*Work to complete*: Could you print the stretch of lines below from the one with "Black Panther Wakanda Forever Unisex T-Shirt" through the one with "2018 Chevrolet Traverse 1Lt", exactly as they stand and without any pictures?

*Available data*:
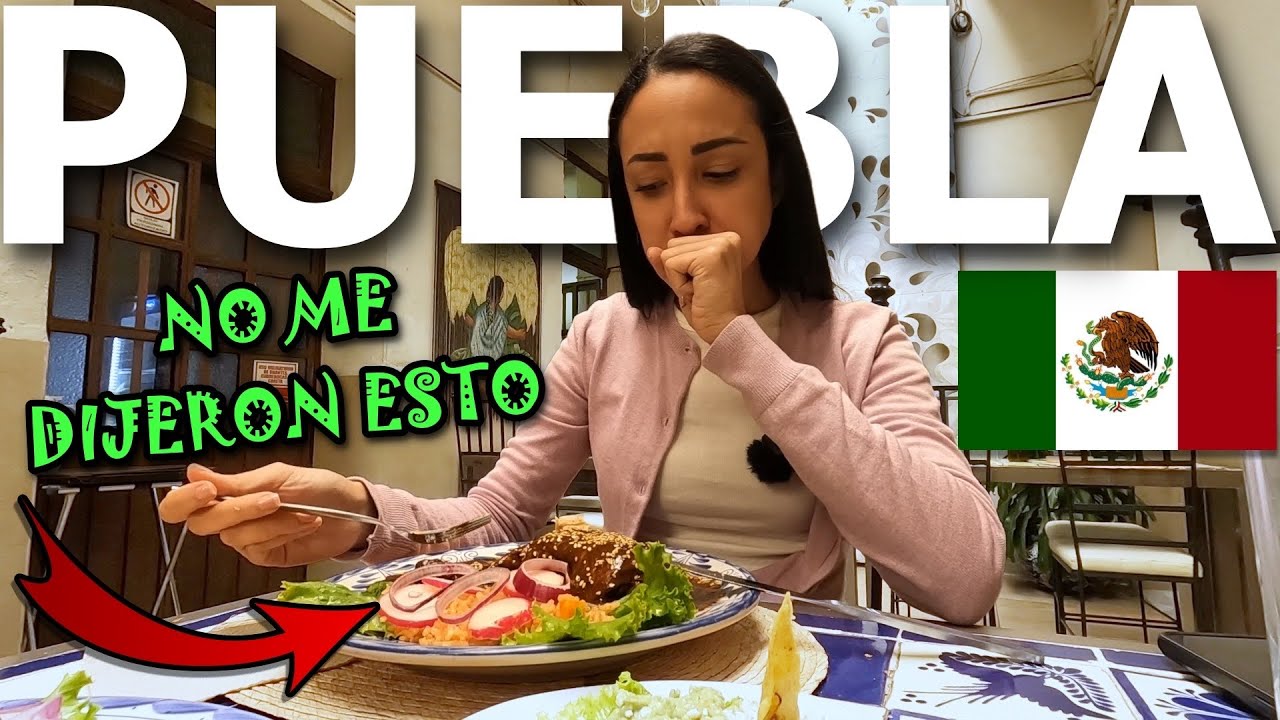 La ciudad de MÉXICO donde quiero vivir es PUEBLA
--
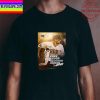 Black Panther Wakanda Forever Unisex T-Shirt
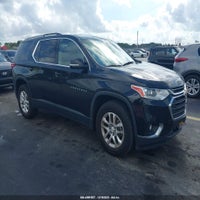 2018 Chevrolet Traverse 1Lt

*Answer section*:
 Black Panther Wakanda Forever Unisex T-Shirt
 2018 Chevrolet Traverse 1Lt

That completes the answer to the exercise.